The difference between the standard rate on home loans, currently 7.3 per cent, and the benchmark cash rate has held at 305 basis points since 2010, the biggest gap since 1994, central bank data show.
Mortgages are a sensitive issue for Gillard, whose Labor Party trails the opposition by 10 percentage points in opinion polls with an election due next year.

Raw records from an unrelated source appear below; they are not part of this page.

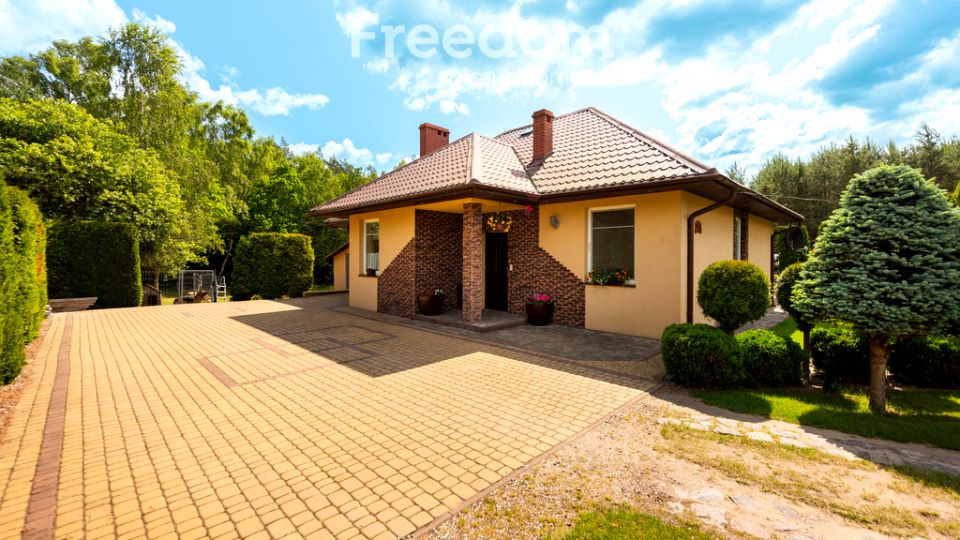 Dom Postołowo sprzedaż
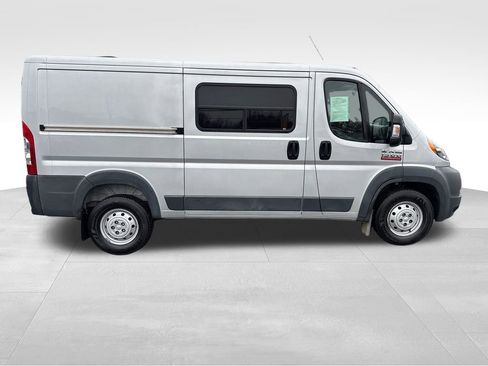 Used 2016 RAM ProMaster 1500 w/ Interior Convenience Group image 11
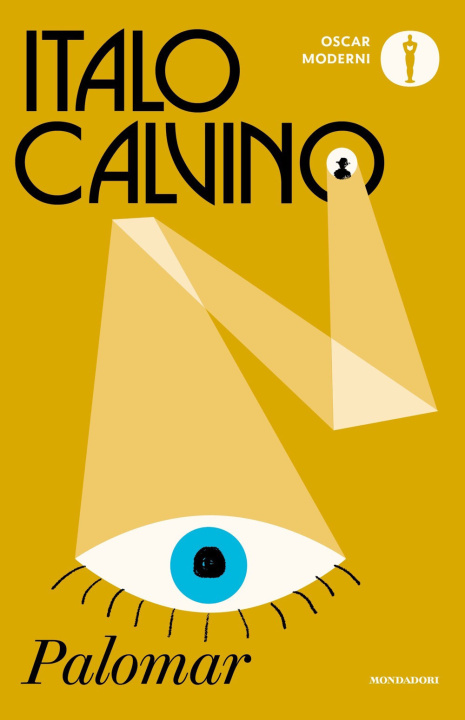 Carte Palomar Italo Calvino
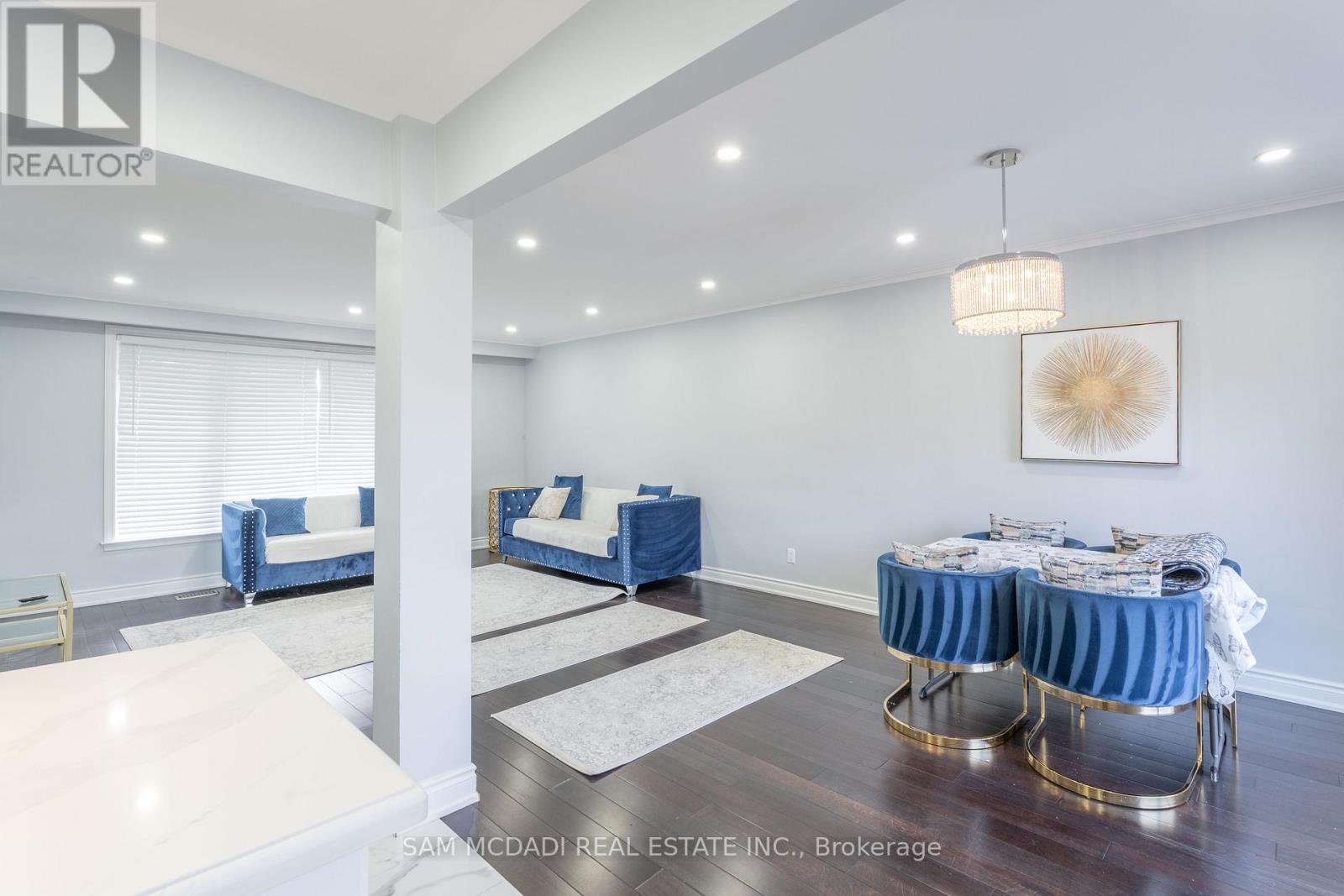 54 Bearbury Drive, Toronto, Ontario  M9C 2G9 - Photo 8 - W13740386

A 10-year fixed-rate home loan, the longest listed by three of Australia's top four banks, costs at least 7.59 per cent, while US 15-year mortgages average 3.15 per cent.
"Bank funding costs will be a headache for the Government because voters want action that leads to lower mortgage rates," said John Sorrell, head of credit in Sydney at Tyndall Investment Management Australia.
"The Government's hands are tied due to the perceived need for a strong banking system."
Policy makers will lower the developed world's highest benchmark rate to 4 per cent in May from 4.25 per cent now, then keep it unchanged through year-end, according to the median estimate of economists surveyed by Bloomberg News.
The central bank unexpectedly kept its benchmark lending rate unchanged on February 7, confounding the forecasts of 24 of 27 analysts surveyed who predicted a cut.
Commonwealth Bank of Australia increased the rate on a variable rate home loan by 10 basis points to 7.41 per cent in the days following the RBA's February 7 policy announcement.
National Australia Bank added 9 basis points to 7.31 per cent, Westpac Banking boosted the cost by 10 basis points to 7.46 per cent, while ANZ Bank added 6 basis points to 7.36 per cent.
Treasurer Wayne Swan condemned the actions, urging customers to switch lenders.
Australia's four largest banks have raised A$10.2 billion in bonds in the domestic market this year, up 62 per cent from the same period of last year, Bloomberg data show.
Fitch Ratings downgraded Westpac, Commonwealth Bank and National Australia to AA- from AA on February 24, citing their vulnerability because of the banks' dependence on wholesale funding markets. About 40 per cent of the lenders' funding comes from bond investors, with about 60 per cent of that from overseas, according to Fitch.
National Australia Bank's chief executive Cameron Clyne reported earnings were buffeted by narrower lending margins, in a statement on February 7.
"It's costing banks more to borrow in the wholesale markets at the present time and that means to protect their return on capital they need to reflect that and it's a key driver of how they set their loan rates," said Glenn Feben, head of fixed interest at Perennial Investment Partners.
Australian home prices fell 4.8 per cent in 2011, the biggest drop on record, as the European debt crisis kept a lid on demand, the statistics bureau said. Credit for home buyers rose 5.4 per cent in December from a year earlier, the smallest annual increase since 1977, when central bank data begins.
Australian household debt as a proportion of disposable income tripled over the past 20 years to 150.3 per cent in the quarter to September 30, central bank data shows. That compares with 133 per cent in the US at the height of the sub-prime-mortgage boom.